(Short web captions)
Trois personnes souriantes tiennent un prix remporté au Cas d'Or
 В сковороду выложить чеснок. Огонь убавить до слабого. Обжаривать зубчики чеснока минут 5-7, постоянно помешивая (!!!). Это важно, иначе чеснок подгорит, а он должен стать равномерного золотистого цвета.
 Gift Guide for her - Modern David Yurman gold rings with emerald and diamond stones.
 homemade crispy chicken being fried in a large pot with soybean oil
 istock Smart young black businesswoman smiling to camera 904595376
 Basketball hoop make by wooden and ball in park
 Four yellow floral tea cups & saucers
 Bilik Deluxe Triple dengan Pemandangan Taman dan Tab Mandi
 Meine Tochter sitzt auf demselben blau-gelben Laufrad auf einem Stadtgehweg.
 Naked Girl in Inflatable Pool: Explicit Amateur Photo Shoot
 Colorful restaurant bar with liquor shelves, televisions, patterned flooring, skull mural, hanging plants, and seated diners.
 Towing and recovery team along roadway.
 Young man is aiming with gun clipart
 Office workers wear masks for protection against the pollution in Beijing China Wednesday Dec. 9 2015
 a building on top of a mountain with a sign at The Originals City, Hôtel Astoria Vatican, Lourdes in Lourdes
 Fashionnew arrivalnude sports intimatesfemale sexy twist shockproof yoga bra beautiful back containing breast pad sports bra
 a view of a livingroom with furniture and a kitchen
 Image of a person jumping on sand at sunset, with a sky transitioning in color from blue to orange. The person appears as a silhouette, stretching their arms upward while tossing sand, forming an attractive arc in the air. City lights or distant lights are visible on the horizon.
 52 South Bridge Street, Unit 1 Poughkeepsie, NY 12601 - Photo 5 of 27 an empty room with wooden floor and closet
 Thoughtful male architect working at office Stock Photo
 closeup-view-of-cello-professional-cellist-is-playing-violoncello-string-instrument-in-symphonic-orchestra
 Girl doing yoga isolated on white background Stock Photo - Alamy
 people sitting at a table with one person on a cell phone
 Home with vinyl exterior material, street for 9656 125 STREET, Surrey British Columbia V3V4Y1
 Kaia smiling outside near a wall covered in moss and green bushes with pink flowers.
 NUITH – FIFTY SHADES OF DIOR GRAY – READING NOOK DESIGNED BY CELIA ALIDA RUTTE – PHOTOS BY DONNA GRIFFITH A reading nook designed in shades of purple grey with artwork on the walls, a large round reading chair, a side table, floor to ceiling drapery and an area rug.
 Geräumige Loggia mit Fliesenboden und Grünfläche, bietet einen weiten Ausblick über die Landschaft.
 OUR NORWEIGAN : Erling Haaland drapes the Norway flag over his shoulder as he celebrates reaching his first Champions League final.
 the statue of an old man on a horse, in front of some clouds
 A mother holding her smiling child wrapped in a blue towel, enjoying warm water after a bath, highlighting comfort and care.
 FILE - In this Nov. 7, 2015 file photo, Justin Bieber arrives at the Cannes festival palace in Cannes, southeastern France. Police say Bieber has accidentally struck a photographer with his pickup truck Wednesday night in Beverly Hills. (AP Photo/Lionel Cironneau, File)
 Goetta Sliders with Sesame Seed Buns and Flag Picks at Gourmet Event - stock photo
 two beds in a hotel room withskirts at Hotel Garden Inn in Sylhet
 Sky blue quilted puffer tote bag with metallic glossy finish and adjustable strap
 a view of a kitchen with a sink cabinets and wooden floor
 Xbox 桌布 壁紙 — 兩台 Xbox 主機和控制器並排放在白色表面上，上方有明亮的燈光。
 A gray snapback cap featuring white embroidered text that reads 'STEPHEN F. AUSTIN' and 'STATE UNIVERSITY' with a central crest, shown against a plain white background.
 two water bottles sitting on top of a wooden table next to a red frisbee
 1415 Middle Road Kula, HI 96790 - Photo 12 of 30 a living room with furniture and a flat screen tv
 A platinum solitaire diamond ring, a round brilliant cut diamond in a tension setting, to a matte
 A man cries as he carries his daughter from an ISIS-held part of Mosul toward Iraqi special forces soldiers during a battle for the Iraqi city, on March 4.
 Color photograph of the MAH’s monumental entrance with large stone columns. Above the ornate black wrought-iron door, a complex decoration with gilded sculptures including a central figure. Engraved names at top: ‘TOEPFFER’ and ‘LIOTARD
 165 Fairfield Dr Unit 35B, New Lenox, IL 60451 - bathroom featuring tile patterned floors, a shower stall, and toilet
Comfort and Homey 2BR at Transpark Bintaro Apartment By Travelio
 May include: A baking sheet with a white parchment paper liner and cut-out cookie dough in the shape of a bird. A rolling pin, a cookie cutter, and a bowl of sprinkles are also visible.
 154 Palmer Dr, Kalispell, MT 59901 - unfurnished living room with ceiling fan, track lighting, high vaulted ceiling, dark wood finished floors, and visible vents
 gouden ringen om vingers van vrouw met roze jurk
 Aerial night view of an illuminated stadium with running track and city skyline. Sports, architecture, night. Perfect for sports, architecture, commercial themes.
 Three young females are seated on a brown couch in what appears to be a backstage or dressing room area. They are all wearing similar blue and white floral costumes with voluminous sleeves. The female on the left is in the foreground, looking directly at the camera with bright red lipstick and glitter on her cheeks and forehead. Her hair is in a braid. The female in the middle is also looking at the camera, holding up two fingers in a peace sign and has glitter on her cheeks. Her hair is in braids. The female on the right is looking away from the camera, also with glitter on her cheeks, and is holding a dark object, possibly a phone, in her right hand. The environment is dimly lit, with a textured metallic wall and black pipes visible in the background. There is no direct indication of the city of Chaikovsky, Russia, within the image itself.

# WHAT THE TASK REQUIRES
From the records above, copy only the lines starting with the line that holds "A mother holding" and going on through the line that holds "gouden ringen om", exactly as written.

# FINISHED TASK
 A mother holding her smiling child wrapped in a blue towel, enjoying warm water after a bath, highlighting comfort and care.
 FILE - In this Nov. 7, 2015 file photo, Justin Bieber arrives at the Cannes festival palace in Cannes, southeastern France. Police say Bieber has accidentally struck a photographer with his pickup truck Wednesday night in Beverly Hills. (AP Photo/Lionel Cironneau, File)
 Goetta Sliders with Sesame Seed Buns and Flag Picks at Gourmet Event - stock photo
 two beds in a hotel room withskirts at Hotel Garden Inn in Sylhet
 Sky blue quilted puffer tote bag with metallic glossy finish and adjustable strap
 a view of a kitchen with a sink cabinets and wooden floor
 Xbox 桌布 壁紙 — 兩台 Xbox 主機和控制器並排放在白色表面上，上方有明亮的燈光。
 A gray snapback cap featuring white embroidered text that reads 'STEPHEN F. AUSTIN' and 'STATE UNIVERSITY' with a central crest, shown against a plain white background.
 two water bottles sitting on top of a wooden table next to a red frisbee
 1415 Middle Road Kula, HI 96790 - Photo 12 of 30 a living room with furniture and a flat screen tv
 A platinum solitaire diamond ring, a round brilliant cut diamond in a tension setting, to a matte
 A man cries as he carries his daughter from an ISIS-held part of Mosul toward Iraqi special forces soldiers during a battle for the Iraqi city, on March 4.
 Color photograph of the MAH’s monumental entrance with large stone columns. Above the ornate black wrought-iron door, a complex decoration with gilded sculptures including a central figure. Engraved names at top: ‘TOEPFFER’ and ‘LIOTARD
 165 Fairfield Dr Unit 35B, New Lenox, IL 60451 - bathroom featuring tile patterned floors, a shower stall, and toilet
Comfort and Homey 2BR at Transpark Bintaro Apartment By Travelio
 May include: A baking sheet with a white parchment paper liner and cut-out cookie dough in the shape of a bird. A rolling pin, a cookie cutter, and a bowl of sprinkles are also visible.
 154 Palmer Dr, Kalispell, MT 59901 - unfurnished living room with ceiling fan, track lighting, high vaulted ceiling, dark wood finished floors, and visible vents
 gouden ringen om vingers van vrouw met roze jurk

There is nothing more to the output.